*** Opening INFORMATION SUPPLIED ***
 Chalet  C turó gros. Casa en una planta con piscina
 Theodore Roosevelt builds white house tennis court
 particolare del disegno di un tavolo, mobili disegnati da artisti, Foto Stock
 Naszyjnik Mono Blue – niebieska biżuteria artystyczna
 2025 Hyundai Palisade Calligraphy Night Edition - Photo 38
*** Closing INFORMATION SUPPLIED ***
*** Opening INFORMATION SUPPLIED ***
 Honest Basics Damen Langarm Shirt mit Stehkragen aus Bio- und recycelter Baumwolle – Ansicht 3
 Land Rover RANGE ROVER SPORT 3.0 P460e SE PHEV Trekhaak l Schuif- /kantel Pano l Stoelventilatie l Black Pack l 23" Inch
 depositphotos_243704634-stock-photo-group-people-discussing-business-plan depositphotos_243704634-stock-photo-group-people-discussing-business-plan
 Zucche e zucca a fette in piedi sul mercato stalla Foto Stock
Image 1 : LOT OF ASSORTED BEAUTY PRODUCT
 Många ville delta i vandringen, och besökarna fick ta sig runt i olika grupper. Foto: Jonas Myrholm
*** Closing INFORMATION SUPPLIED ***
WHAT TO WORK ON:
From the records above, show each line that contains the word "Foto".

WRITTEN REPLY:
 particolare del disegno di un tavolo, mobili disegnati da artisti, Foto Stock
 Zucche e zucca a fette in piedi sul mercato stalla Foto Stock
 Många ville delta i vandringen, och besökarna fick ta sig runt i olika grupper. Foto: Jonas Myrholm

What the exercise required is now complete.